Techniques such as UV-visible spectroscopy, NMR, SAXS, and AFM were employed to study the ‎interactions starting at an atomic level of the curcumin-loaded liposomes. UV-visible ‎experiments quantified the presence of curcumin in liposomes, whereas NMR ‎showed that the phospholipids environment was not particularly modified by the curcumin ‎presence and confirmed an insertion of curcumin in liposomes membrane at the aromatic ‎regions of 5.00 to 8.00 ppm. ‎SAXS on multilamellar or unilamellar ‎vesicles showed no impact, with repetition distances of 6.0 nm in multilamellar vesicles and a ‎bilayer thickness of 4.2 nm in unilamellar vesicles. AFM imaging and force spectroscopy only ‎showed a minor impact on membrane structure, organization, and mechanical properties until ‎the added amount of curcumin was greater than 10 M. Elastic modulus ranged from 41 to ‎‎54 MPa, for 12 mol% and 0 mol% of curcumin respectively, with a narrowing distribution ‎following curcumin addition, suggesting a homogeneous distribution of curcumin in the ‎bilayer. However, at 12 mol% of curcumin, the force needed to break the bilayer drops ‎significantly decreased, suggesting decreased interactions between polar heads.

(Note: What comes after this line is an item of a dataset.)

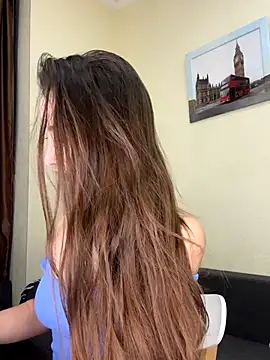 Polli Kiss online show from 11/20/25, 05:13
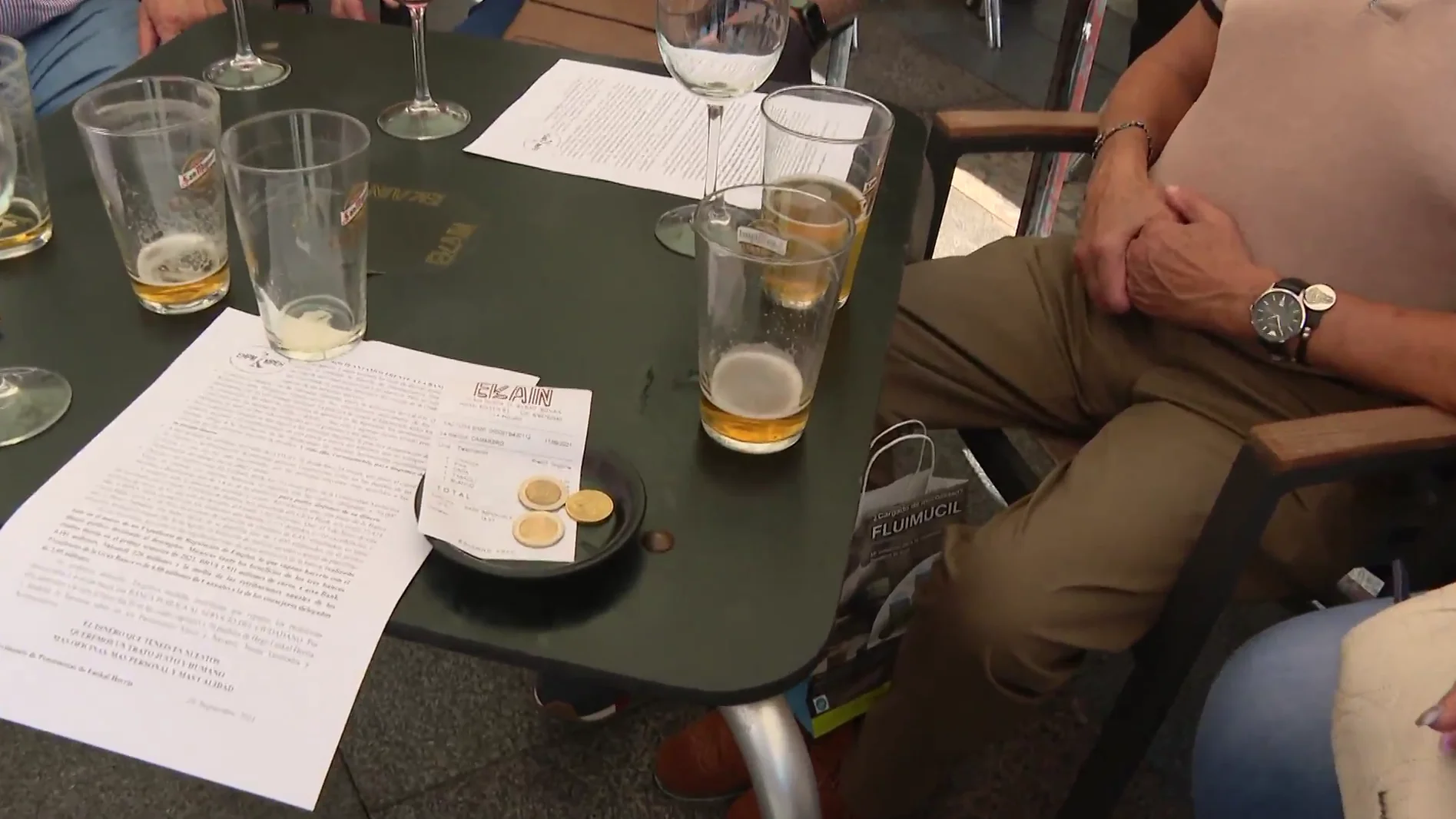 Mesa de un bar con vasos y la cuenta Mesa de un bar con vasos y la cuenta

In conclusion, our study shows the minor impact of the addition of small or moderate amounts of curcumin on the structure and properties of a liposomal carrier. The protection of the drug by the carrier is essential in the formation of a drug-carrier couple. Considering the very low solubility of curcumin in water, a drug/lipid ratio up to 10 mol% represents a huge increase in curcumin availability. The following studies will focus on the transport and transfer of ‎curcumin from liposomes to targeted sites, to determine its mechanisms ‎and to further investigate the effectiveness of the liposomal carrier.